Terlepas persoalan dugaan pelecehan seksual dan perundungan telah masuk di kepolisian. Namun momen ini menjadi pertaruhan bagi KPI. Jika KPI tidak mampu keluar dari krisis ini, bukan tidak mungkin publik semakin resisten. Padahal, notabene keberadaan KPI sebagai representasi publik untuk mengawal sistem penyiaran yang sehat. 

Pemapanan Kelembagaan

Eksistensi KPI diperlukan mengelola sistem penyiaran sebagai instrumen publik. Undang-Undang No. 32 Tahun 2002 tentang Penyiaran menjadi alas hukum keberadaan independent regulatory body tersebut. Setidaknya sejak berdiri sampai saat ini, KPI pusat sudah enam kali melakukan pergantian pimpinan atau ketua. Mulai dari Victor Menayang (2003-2007); Sasa Djuarsa Sendjaja (2007-2010); Dadang Rahmat Hidayat (2010-2013); Judhariksawan (2013-2016); Yuliandre Darwis (2016-2019); dan Agung Suprio (2019-2022). 

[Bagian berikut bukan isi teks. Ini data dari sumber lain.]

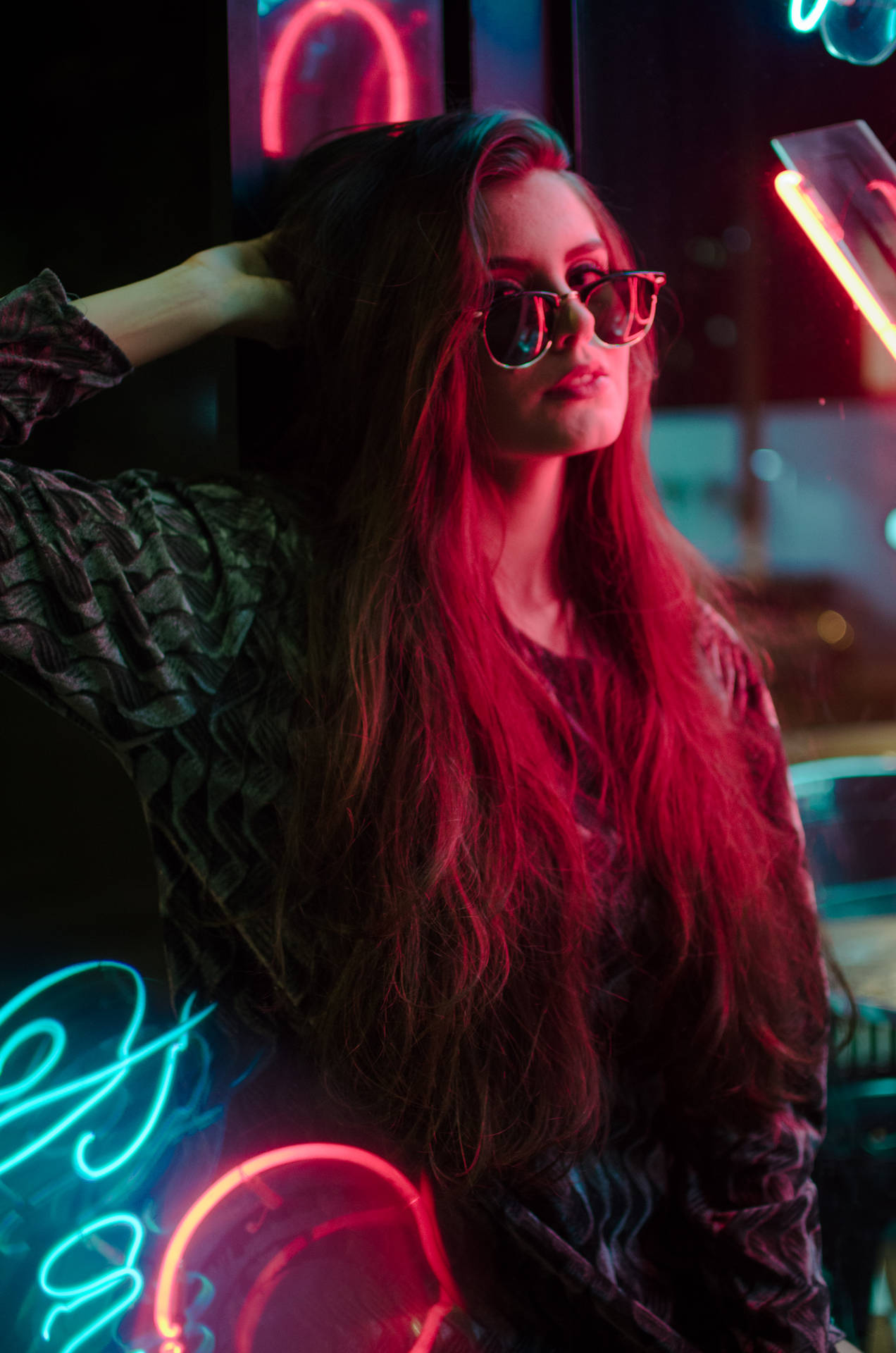 Cool Girl In Neon Room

Mekanisme pemilihan komisioner KPI dilakukan oleh DPR. Keputusan KPI bersifat kolektif kolegial yang terdiri dari sembilan komisioner. Dalam mengemban tugasnya, KPI dibagi menjadi tiga bidang meliputi: kelembagaan, struktur dan pengawasan isi siaran. 

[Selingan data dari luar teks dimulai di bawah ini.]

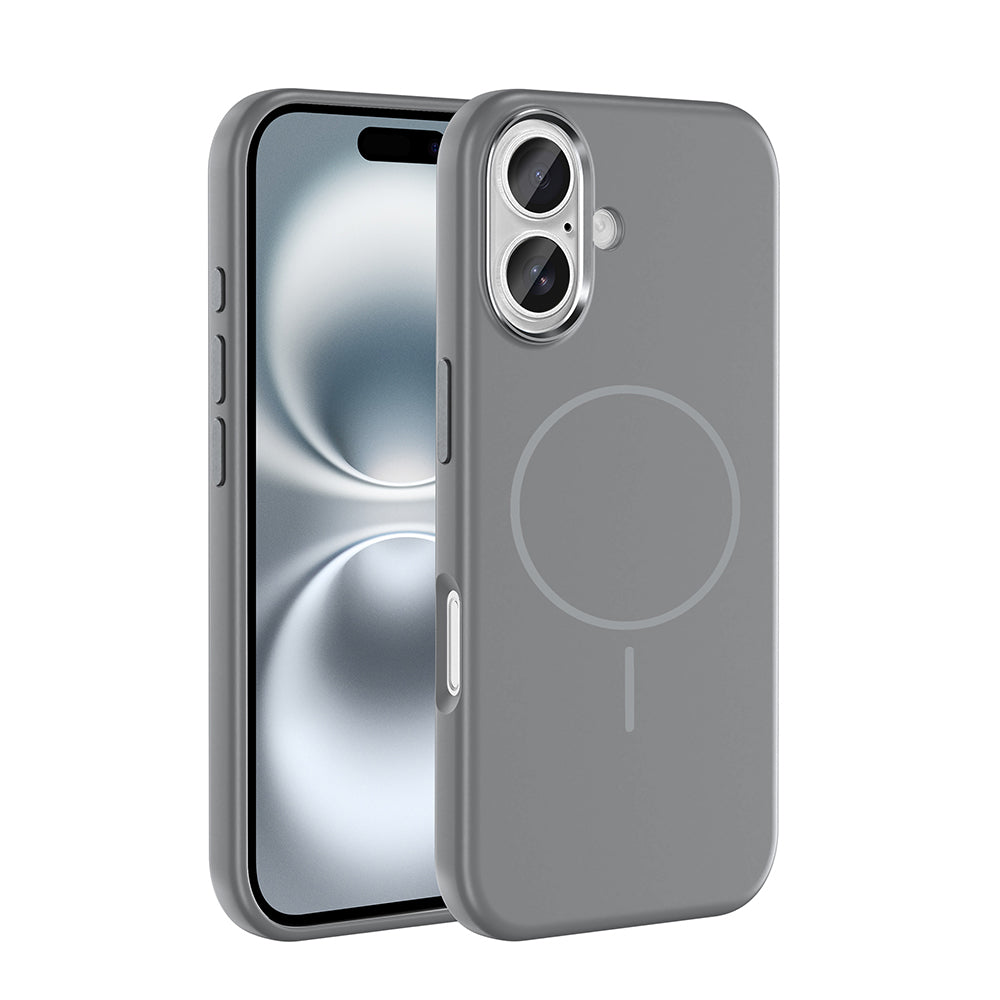 Apple iPhone 16 Uyumlu Kılıf M-Safe Şarj Özellikli Metal Kamera Çerçeveli Zore Edi Silikon Kapak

Upaya memapankan kelembagaan menjadi pekerjaan rumah tersendiri di sisa kepemimpinan KPI periode 2019-2022. Belum lagi dinamika keorganisasian dan konflik kepentingan juga tidak menutup kemungkinan menjadi tantangan terbesar. Dalam perspektif komunikasi organisasi, upaya memapankan kelembagaan bukan hanya bicara terkait struktur. Merujuk pandangan Elton Mayo dalam komunikasi organisasi juga melibatkan pentingnya aspek psikologis maupun sosial. Artinya setiap anggota atau komponen dalam institusi tidak saling berjarak baik relasi dengan atasan (vertikal) maupun sesama rekan kerja (horisontal). 

Mengembalikan Kepercayaan Publik

Upaya mengembalikan kepercayaan publik mutlak dilakukan KPI. Sempat beredar tagar #BubarkanKPI yang tersebar di berbagai media sosial. Menanggapi hal tersebut harusnya KPI bisa lebih responsif. Kritik-kritik yang dialamatkan ke KPI dapat menjadi masukan konstruktif sekaligus dapat merombak tata kelola kelembagaan serta perbaikan kinerja. 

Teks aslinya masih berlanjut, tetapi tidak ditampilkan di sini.